WHAT THE TASK ASKS -> Below are lines of records; copy exactly those from the one containing "Commode 3 tiroirs blanche design TIAVANO" through the one containing "Josh Duhamel and", leaving the pictures behind.

### SOURCE INFORMATION

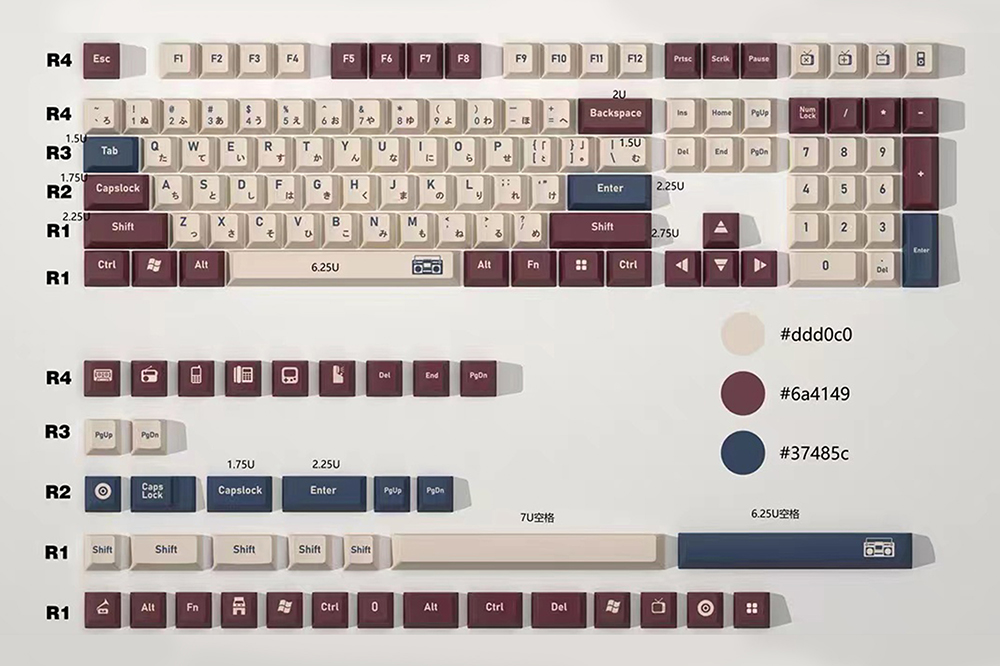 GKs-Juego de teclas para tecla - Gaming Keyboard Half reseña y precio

######
### SOURCE INFORMATION

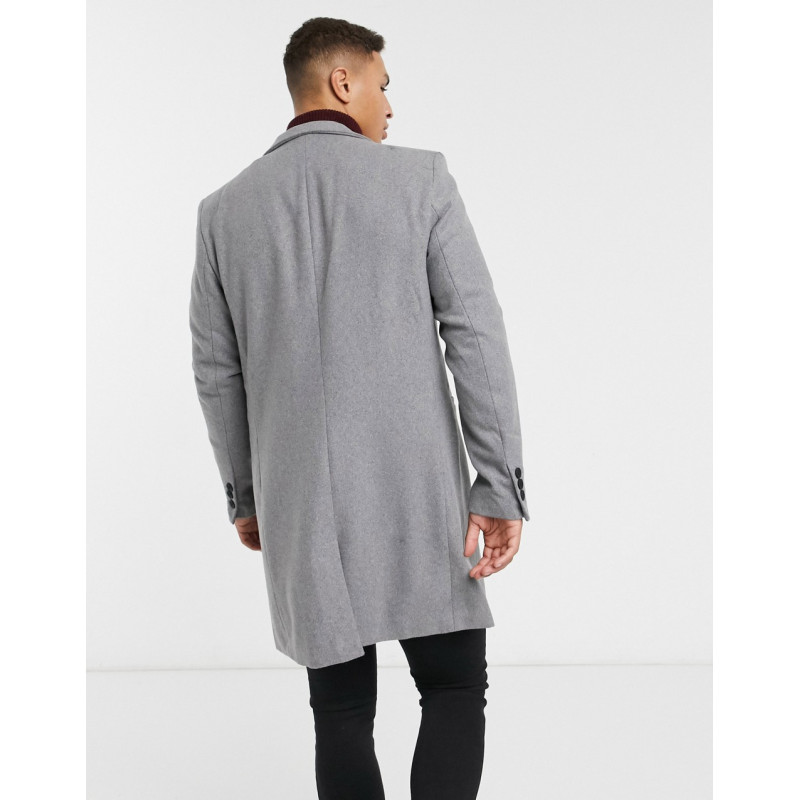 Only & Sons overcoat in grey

######
### SOURCE INFORMATION

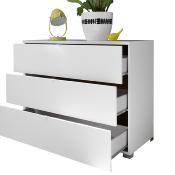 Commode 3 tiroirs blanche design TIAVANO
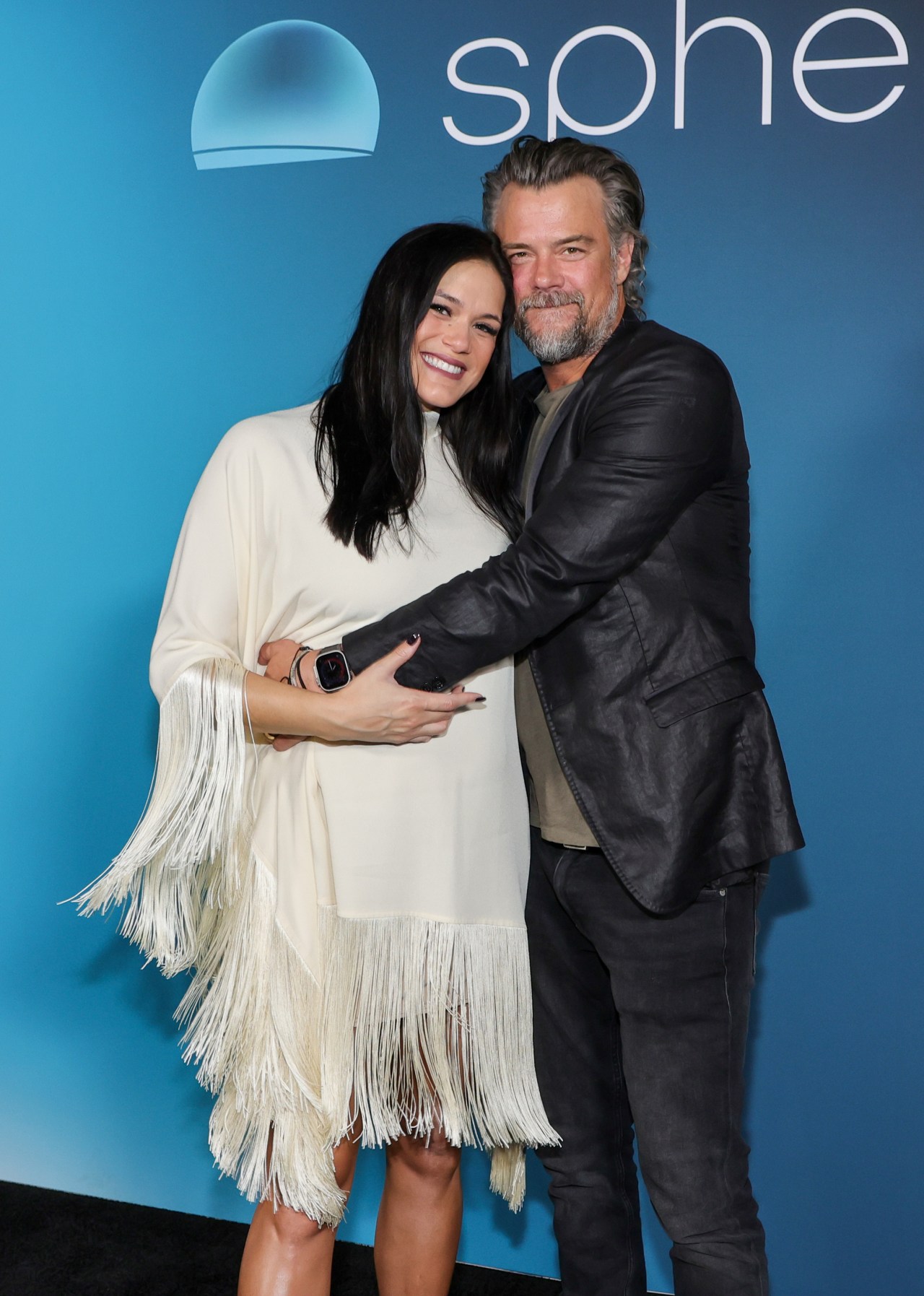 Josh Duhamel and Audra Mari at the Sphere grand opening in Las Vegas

######

ANSWER SECTION ->
 Commode 3 tiroirs blanche design TIAVANO
 Josh Duhamel and Audra Mari at the Sphere grand opening in Las Vegas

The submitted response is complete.